REPUBLIKA.CO.ID, JAKARTA — Pakar pidana Universitas Islam Indonesia (UII), Muzakir, mengatakan, langkah Kejaksaan Agung (Kejagung) mengusut dugaan pidana pembelian emas PT Antam seberat 7 ton, adalah hal yang sah. Jika ada transaksi suatu barang milik negara yang dianggap tidak wajar, maka Kejagung harus menyelidikinya.

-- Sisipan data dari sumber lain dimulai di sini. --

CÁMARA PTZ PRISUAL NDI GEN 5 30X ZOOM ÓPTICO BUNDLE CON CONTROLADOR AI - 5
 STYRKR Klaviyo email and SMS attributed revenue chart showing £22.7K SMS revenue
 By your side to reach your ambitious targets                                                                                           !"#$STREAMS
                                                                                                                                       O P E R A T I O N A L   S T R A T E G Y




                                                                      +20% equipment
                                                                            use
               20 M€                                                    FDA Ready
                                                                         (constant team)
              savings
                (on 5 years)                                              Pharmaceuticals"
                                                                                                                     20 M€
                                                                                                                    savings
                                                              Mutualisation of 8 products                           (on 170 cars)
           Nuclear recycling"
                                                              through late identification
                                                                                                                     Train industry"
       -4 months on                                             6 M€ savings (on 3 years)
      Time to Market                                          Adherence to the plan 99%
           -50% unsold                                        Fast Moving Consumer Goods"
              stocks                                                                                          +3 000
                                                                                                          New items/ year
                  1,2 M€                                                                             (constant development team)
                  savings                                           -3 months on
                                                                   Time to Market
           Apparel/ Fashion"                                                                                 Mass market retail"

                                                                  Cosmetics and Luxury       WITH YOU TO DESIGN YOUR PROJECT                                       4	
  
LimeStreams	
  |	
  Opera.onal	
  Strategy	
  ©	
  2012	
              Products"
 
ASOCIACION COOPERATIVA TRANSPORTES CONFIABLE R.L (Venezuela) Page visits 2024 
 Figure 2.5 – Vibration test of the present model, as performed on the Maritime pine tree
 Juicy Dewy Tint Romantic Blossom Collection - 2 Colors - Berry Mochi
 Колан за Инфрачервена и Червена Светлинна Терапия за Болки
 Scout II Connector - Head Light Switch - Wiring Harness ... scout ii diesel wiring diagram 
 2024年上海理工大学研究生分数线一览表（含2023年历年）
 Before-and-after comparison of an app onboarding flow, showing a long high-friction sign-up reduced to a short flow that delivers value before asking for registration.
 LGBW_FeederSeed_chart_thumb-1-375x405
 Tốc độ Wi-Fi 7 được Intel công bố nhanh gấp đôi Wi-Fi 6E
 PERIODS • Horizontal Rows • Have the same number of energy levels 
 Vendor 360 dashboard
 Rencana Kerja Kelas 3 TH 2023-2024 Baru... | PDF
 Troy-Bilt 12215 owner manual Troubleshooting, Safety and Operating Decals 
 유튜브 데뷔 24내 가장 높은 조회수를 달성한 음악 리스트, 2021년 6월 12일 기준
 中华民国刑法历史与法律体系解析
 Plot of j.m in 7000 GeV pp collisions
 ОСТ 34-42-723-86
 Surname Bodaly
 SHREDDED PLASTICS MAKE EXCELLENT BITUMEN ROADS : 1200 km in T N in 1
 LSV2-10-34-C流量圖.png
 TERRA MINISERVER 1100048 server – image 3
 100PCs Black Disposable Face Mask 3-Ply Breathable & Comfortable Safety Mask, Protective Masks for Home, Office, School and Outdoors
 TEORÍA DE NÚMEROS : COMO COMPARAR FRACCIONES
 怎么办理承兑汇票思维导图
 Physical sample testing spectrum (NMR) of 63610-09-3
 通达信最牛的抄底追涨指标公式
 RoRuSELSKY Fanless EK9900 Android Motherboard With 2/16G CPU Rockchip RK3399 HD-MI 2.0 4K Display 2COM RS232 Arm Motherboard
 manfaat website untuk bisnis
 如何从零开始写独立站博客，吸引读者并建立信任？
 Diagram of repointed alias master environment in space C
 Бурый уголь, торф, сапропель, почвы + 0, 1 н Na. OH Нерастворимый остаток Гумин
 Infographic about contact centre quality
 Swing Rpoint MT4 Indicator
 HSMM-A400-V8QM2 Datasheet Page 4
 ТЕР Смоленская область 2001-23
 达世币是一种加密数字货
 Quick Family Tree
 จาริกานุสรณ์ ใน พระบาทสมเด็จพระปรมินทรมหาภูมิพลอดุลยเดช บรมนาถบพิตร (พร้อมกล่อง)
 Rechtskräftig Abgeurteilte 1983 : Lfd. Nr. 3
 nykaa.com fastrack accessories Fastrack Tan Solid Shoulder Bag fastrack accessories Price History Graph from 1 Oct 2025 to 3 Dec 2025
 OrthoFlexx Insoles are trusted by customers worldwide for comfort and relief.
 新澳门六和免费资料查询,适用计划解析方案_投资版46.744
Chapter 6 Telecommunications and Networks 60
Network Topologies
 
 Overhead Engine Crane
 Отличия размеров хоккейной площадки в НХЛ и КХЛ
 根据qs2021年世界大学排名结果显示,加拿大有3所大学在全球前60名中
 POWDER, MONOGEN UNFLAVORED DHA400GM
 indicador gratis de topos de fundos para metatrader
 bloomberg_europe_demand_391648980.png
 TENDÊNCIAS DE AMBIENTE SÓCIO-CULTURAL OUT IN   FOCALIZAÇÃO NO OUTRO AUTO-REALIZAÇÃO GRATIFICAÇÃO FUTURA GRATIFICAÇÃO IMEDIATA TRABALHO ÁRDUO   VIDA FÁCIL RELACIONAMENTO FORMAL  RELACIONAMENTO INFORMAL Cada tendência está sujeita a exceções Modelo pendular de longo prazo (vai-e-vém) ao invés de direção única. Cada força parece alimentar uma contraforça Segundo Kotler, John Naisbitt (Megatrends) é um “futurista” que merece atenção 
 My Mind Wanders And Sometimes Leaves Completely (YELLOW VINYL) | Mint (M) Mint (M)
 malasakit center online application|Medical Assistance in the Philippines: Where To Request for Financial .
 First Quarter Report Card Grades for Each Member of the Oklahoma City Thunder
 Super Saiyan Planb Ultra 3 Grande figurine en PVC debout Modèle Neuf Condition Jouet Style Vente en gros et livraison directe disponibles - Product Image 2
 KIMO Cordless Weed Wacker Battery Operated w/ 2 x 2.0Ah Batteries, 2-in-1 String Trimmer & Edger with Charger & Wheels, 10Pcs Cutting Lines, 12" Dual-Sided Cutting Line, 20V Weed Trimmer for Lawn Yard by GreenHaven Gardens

“Mengelola uang negara itu seperrti itu. Kalau ada dugaan manipulasi, kecurangan, dalam penetapan harga emas. Walaupun kemarin diproses (gugatan) perdata sudah dimenangkan yang bersangkutan (Budi Said), tetap saja bisa (diproses pidana) karena parameter perdatanya beda dengan kontek itu (pidana),” ungkap Muzakir, Ahad (10/3/2024).
Hal ini disampaikan Muzakir menanggapi pengusutan dugaan korupsi kasus pembelian emas PT Antang seesar 7 ton oleh Budi Said. Kejagung mengusut secara pidana kasus jual beli ini, karena melihat adanya potensi korupsi, yang merugikan negara.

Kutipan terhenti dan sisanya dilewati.